--- START ---

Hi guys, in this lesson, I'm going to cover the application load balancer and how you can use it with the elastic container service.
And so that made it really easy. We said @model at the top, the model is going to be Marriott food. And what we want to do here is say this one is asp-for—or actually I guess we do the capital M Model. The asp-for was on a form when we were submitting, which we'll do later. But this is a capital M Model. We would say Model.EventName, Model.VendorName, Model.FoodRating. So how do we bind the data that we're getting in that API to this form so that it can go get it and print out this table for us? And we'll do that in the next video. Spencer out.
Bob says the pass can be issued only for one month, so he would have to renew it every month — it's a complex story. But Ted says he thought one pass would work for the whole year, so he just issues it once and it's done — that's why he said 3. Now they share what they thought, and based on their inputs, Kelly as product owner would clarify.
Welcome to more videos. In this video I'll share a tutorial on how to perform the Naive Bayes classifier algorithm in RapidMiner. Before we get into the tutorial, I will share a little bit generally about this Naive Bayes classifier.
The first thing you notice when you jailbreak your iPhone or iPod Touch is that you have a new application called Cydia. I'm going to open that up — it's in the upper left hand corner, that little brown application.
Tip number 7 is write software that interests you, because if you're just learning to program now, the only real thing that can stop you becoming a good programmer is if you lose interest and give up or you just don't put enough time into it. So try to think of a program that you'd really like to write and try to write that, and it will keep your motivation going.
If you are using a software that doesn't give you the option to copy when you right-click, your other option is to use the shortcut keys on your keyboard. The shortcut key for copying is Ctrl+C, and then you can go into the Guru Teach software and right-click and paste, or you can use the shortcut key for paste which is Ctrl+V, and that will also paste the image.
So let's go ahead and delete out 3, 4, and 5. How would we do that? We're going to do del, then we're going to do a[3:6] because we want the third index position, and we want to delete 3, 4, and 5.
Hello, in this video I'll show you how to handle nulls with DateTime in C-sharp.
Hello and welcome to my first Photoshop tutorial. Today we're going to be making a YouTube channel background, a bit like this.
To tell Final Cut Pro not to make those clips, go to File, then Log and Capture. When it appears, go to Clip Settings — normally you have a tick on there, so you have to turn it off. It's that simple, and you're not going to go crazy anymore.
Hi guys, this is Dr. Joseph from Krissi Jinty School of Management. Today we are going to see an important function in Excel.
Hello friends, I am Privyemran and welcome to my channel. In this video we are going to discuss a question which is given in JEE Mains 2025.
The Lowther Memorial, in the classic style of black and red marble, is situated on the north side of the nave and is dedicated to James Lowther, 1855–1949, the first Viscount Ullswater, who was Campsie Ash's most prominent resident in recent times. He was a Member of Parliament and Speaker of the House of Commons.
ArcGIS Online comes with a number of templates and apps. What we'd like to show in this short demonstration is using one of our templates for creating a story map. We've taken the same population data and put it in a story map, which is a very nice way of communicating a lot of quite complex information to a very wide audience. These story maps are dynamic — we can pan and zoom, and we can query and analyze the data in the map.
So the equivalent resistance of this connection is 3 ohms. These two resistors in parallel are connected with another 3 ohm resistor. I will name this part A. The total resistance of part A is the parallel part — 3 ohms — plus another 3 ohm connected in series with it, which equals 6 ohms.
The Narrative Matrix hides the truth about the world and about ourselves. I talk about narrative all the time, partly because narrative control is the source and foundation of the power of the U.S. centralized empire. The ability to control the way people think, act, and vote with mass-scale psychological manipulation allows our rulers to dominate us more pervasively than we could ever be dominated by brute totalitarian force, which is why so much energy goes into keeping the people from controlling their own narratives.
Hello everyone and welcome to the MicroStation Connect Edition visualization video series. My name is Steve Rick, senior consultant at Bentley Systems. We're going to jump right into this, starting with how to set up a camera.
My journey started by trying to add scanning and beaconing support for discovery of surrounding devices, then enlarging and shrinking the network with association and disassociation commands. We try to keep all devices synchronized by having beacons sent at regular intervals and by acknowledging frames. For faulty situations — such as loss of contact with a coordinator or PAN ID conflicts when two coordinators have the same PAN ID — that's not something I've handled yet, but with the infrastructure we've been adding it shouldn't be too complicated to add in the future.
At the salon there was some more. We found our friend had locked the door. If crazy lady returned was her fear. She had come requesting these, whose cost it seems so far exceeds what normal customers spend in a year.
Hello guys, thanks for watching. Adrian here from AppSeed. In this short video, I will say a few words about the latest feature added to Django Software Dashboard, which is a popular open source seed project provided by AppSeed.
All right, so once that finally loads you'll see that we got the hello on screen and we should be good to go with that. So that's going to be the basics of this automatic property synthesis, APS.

--- END ---

WHAT YOU WILL DO:
Output the records verbatim, from the first line to the last.

SOLUTION:
Hi guys, in this lesson, I'm going to cover the application load balancer and how you can use it with the elastic container service.
And so that made it really easy. We said @model at the top, the model is going to be Marriott food. And what we want to do here is say this one is asp-for—or actually I guess we do the capital M Model. The asp-for was on a form when we were submitting, which we'll do later. But this is a capital M Model. We would say Model.EventName, Model.VendorName, Model.FoodRating. So how do we bind the data that we're getting in that API to this form so that it can go get it and print out this table for us? And we'll do that in the next video. Spencer out.
Bob says the pass can be issued only for one month, so he would have to renew it every month — it's a complex story. But Ted says he thought one pass would work for the whole year, so he just issues it once and it's done — that's why he said 3. Now they share what they thought, and based on their inputs, Kelly as product owner would clarify.
Welcome to more videos. In this video I'll share a tutorial on how to perform the Naive Bayes classifier algorithm in RapidMiner. Before we get into the tutorial, I will share a little bit generally about this Naive Bayes classifier.
The first thing you notice when you jailbreak your iPhone or iPod Touch is that you have a new application called Cydia. I'm going to open that up — it's in the upper left hand corner, that little brown application.
Tip number 7 is write software that interests you, because if you're just learning to program now, the only real thing that can stop you becoming a good programmer is if you lose interest and give up or you just don't put enough time into it. So try to think of a program that you'd really like to write and try to write that, and it will keep your motivation going.
If you are using a software that doesn't give you the option to copy when you right-click, your other option is to use the shortcut keys on your keyboard. The shortcut key for copying is Ctrl+C, and then you can go into the Guru Teach software and right-click and paste, or you can use the shortcut key for paste which is Ctrl+V, and that will also paste the image.
So let's go ahead and delete out 3, 4, and 5. How would we do that? We're going to do del, then we're going to do a[3:6] because we want the third index position, and we want to delete 3, 4, and 5.
Hello, in this video I'll show you how to handle nulls with DateTime in C-sharp.
Hello and welcome to my first Photoshop tutorial. Today we're going to be making a YouTube channel background, a bit like this.
To tell Final Cut Pro not to make those clips, go to File, then Log and Capture. When it appears, go to Clip Settings — normally you have a tick on there, so you have to turn it off. It's that simple, and you're not going to go crazy anymore.
Hi guys, this is Dr. Joseph from Krissi Jinty School of Management. Today we are going to see an important function in Excel.
Hello friends, I am Privyemran and welcome to my channel. In this video we are going to discuss a question which is given in JEE Mains 2025.
The Lowther Memorial, in the classic style of black and red marble, is situated on the north side of the nave and is dedicated to James Lowther, 1855–1949, the first Viscount Ullswater, who was Campsie Ash's most prominent resident in recent times. He was a Member of Parliament and Speaker of the House of Commons.
ArcGIS Online comes with a number of templates and apps. What we'd like to show in this short demonstration is using one of our templates for creating a story map. We've taken the same population data and put it in a story map, which is a very nice way of communicating a lot of quite complex information to a very wide audience. These story maps are dynamic — we can pan and zoom, and we can query and analyze the data in the map.
So the equivalent resistance of this connection is 3 ohms. These two resistors in parallel are connected with another 3 ohm resistor. I will name this part A. The total resistance of part A is the parallel part — 3 ohms — plus another 3 ohm connected in series with it, which equals 6 ohms.
The Narrative Matrix hides the truth about the world and about ourselves. I talk about narrative all the time, partly because narrative control is the source and foundation of the power of the U.S. centralized empire. The ability to control the way people think, act, and vote with mass-scale psychological manipulation allows our rulers to dominate us more pervasively than we could ever be dominated by brute totalitarian force, which is why so much energy goes into keeping the people from controlling their own narratives.
Hello everyone and welcome to the MicroStation Connect Edition visualization video series. My name is Steve Rick, senior consultant at Bentley Systems. We're going to jump right into this, starting with how to set up a camera.
My journey started by trying to add scanning and beaconing support for discovery of surrounding devices, then enlarging and shrinking the network with association and disassociation commands. We try to keep all devices synchronized by having beacons sent at regular intervals and by acknowledging frames. For faulty situations — such as loss of contact with a coordinator or PAN ID conflicts when two coordinators have the same PAN ID — that's not something I've handled yet, but with the infrastructure we've been adding it shouldn't be too complicated to add in the future.
At the salon there was some more. We found our friend had locked the door. If crazy lady returned was her fear. She had come requesting these, whose cost it seems so far exceeds what normal customers spend in a year.
Hello guys, thanks for watching. Adrian here from AppSeed. In this short video, I will say a few words about the latest feature added to Django Software Dashboard, which is a popular open source seed project provided by AppSeed.
All right, so once that finally loads you'll see that we got the hello on screen and we should be good to go with that. So that's going to be the basics of this automatic property synthesis, APS.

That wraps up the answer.